Start of Data provided

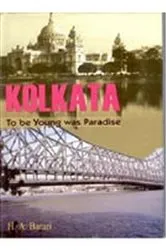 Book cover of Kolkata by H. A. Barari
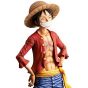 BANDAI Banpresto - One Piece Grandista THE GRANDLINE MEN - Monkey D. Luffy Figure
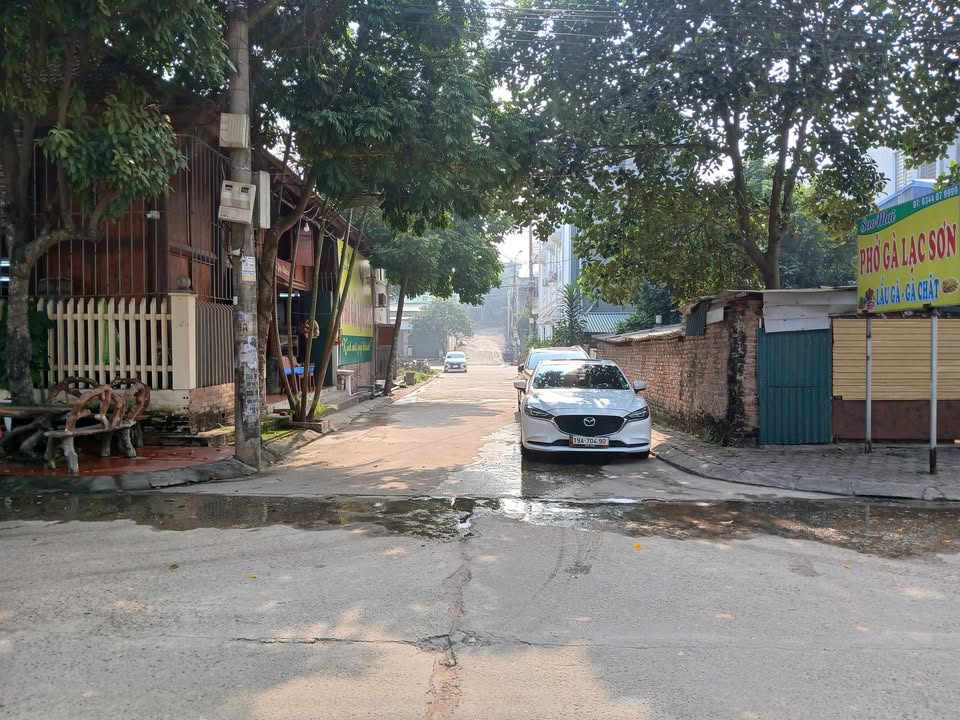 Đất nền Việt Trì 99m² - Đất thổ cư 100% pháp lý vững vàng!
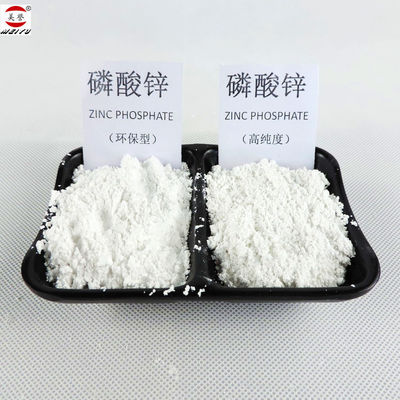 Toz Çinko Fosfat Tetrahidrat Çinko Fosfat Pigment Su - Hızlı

End of Data provided

**Task requirements:**
Once the images are dropped, set down the remaining material word for word.

**Expected answer:**
 Book cover of Kolkata by H. A. Barari
 BANDAI Banpresto - One Piece Grandista THE GRANDLINE MEN - Monkey D. Luffy Figure
 Đất nền Việt Trì 99m² - Đất thổ cư 100% pháp lý vững vàng!
 Toz Çinko Fosfat Tetrahidrat Çinko Fosfat Pigment Su - Hızlı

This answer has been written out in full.